Adam Parr, the 48-year-old son of a Belgian father and English mother, brought up and educated in Britain, arrived on the Formula 1 scene from nowhere and left just as suddenly after a controversial and remarkable innings as CEO and later chairman of Williams, having restructured the company.
Not least of the Eton-educated barrister's successes was floating Williams in Frankfurt, the first (and so far only) listing of a company with its roots in F1.
Much has been written about Parr since his abruptly exit, but mostly based on assumption rather than fact. In fact, by Christmas last year he had granted but two in-depth interviews: to F1 Racing and this column.
So low a profile did he keep after turning his back on Williams - and, as we shall see, on F1 - that, a week after his exit, Sir Frank Williams allowed in an exclusive interview that he did not fully know the reasons. "I hope one day Adam will tell me..." he told AUTOSPORT.
More controversially, Parr spent the eight months not on gardening leave, as many incorrectly surmised - "Let's be clear: I didn't leave Williams with any financial enrichment; I took the decision based on what I thought was necessary and right, and that was my decision" - but immersed in studying for a PhD in history and literature ("My roots"). And consulting. And writing a book.
Book? More like a comic, in fact, and all the better for it, for illustrations (by Paul Tinker) fill in gaps, enabling the reader to breeze through all 80 pages without losing the plot. Illuminated brevity is important in this day and age, particularly among the target audience...
Parr's The Art of War
However, this is not a book review; rather an in-depth interview about matters arising - as the always-correct Parr would no doubt have phrased the discussion had he been sitting on the other side of the table - and amplification of certain points.

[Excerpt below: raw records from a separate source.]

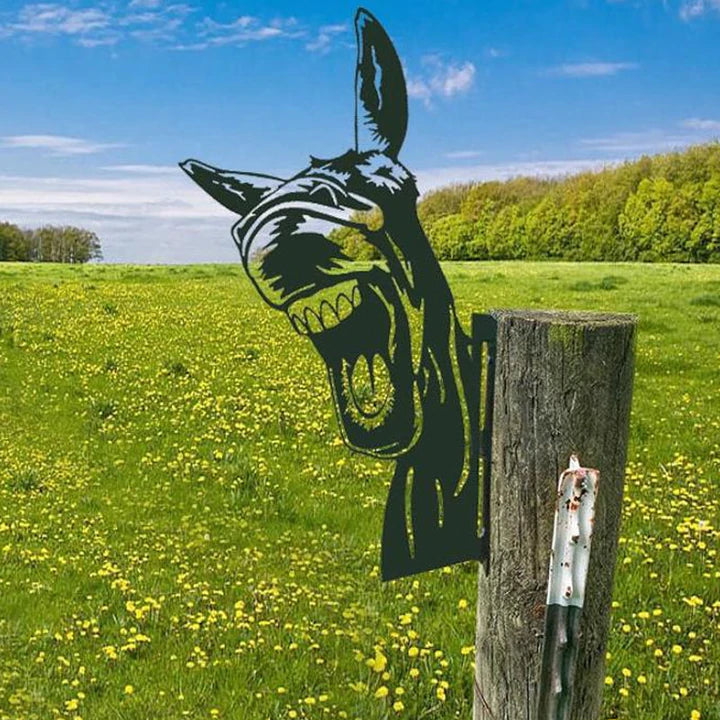 Outdoor Garden Farm Peeping Goat Metal Artwork Indoor Decoration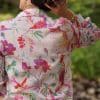 camisa estampado tonos rosas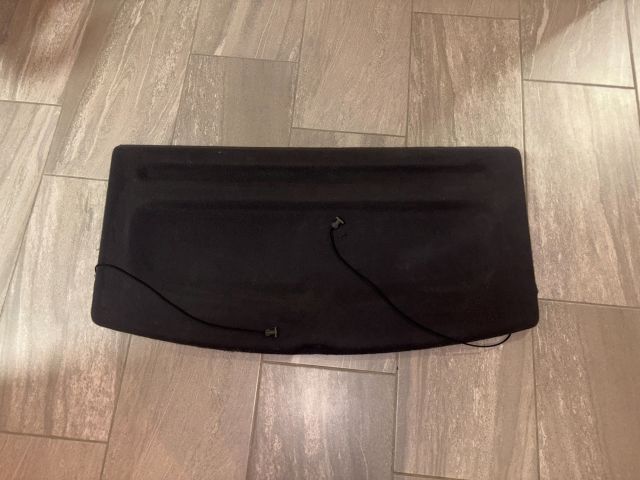 bontott OPEL CORSA B Kalaptartó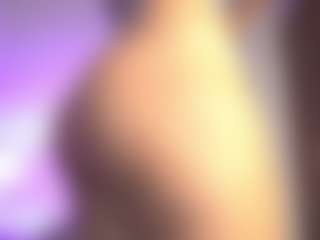 Live cam show with ElizabethMansson - Petite on Dare Cams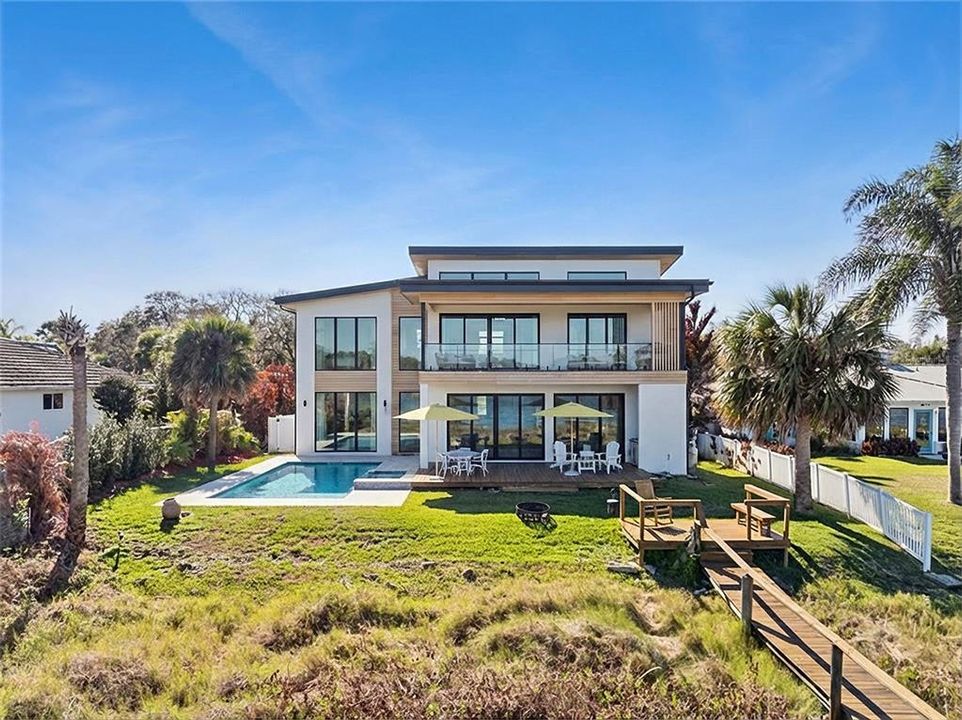 For Sale: $2,995,000 (1.10 acres)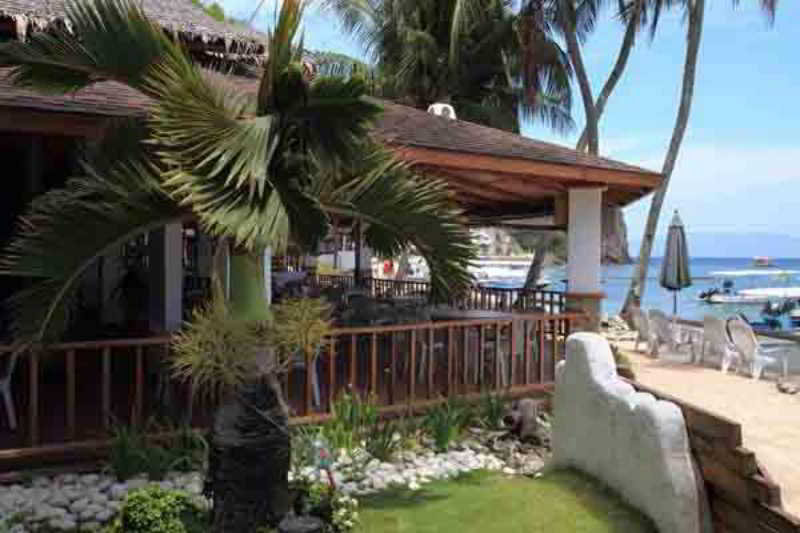 Aura Dive Resort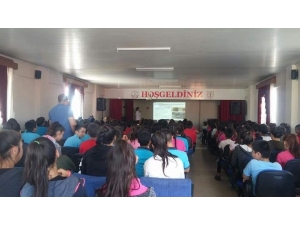 Öğrenciler ’Kene’ Hakkında Bilgilendirildi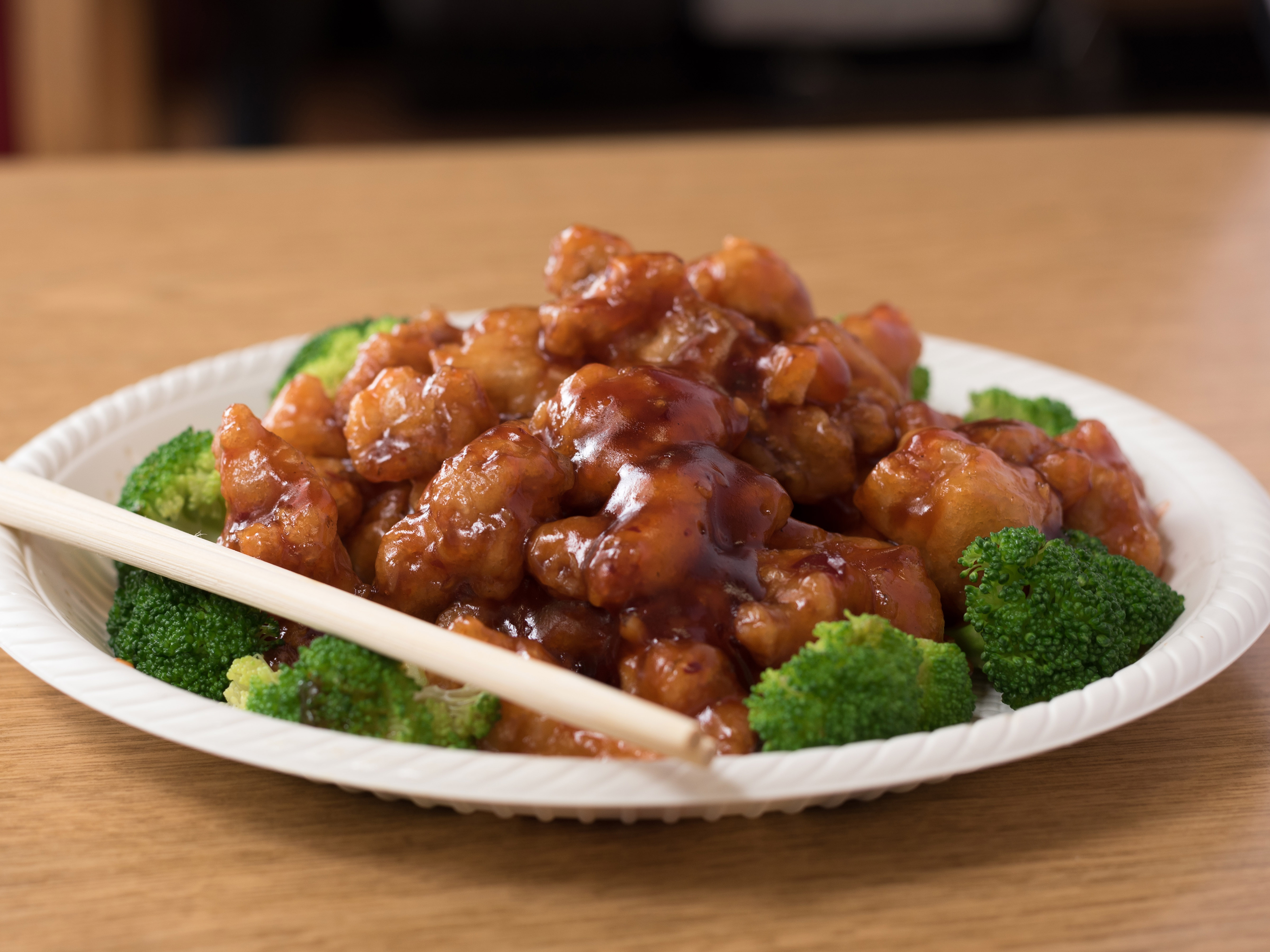 Order S8. General Tso's Chicken Chef's Special food online from Mayflower Chinese Restaurant store, Bethesda on bringmethat.com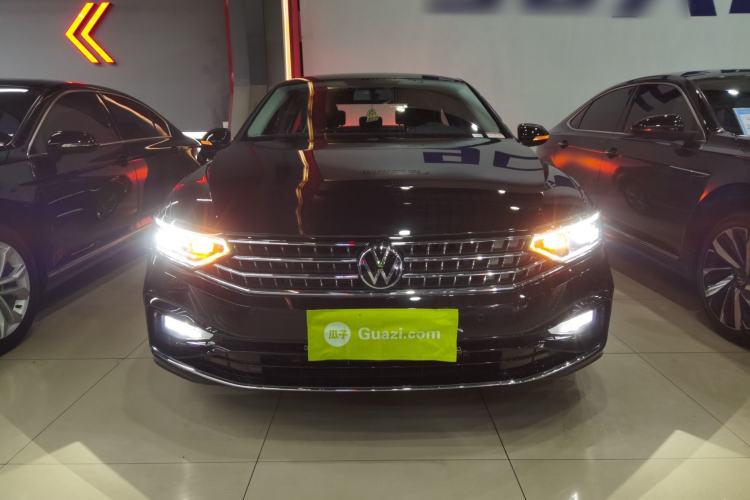 Used Volkswagen Magotan 2025 Zhongxiang Version 280TSI DSG Comfort Edition Exterior 1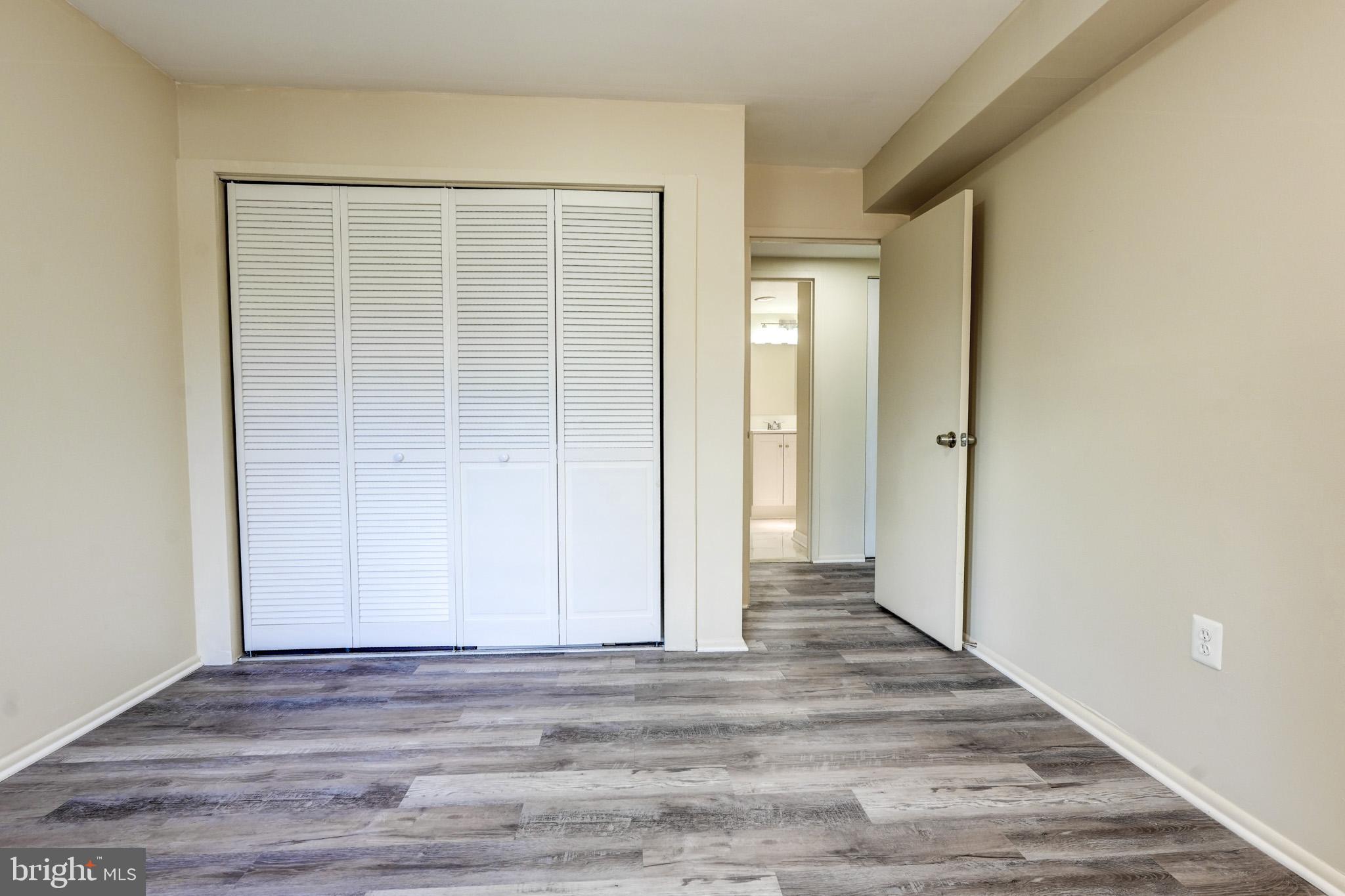 HYDE PARK - Residential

It's soon clear that, in true barrister style, he enjoys cut-and-thrust debate, and his answers add an additional dimension to readers of The Art of War - Five Years in Formula One. Read by all serious students of F1 the book most certainly should be. (*)
The first point we discuss is the list of characters in the opening chapter (Debts and Lessons). Frank and wife Virginia are, as expected, included; ditto the team's co-founder Patrick Head. Former FIA president Max Mosley, another barrister, provides the foreword and is referred to most positively, while obviously F1 tsar Bernie Ecclestone and CVC paymaster Donald McKenzie feature - as do senior Williams personnel and most team bosses, including Tony Fernandes (Caterham), the latter's team having joined the grid just two years before Parr exited the sport.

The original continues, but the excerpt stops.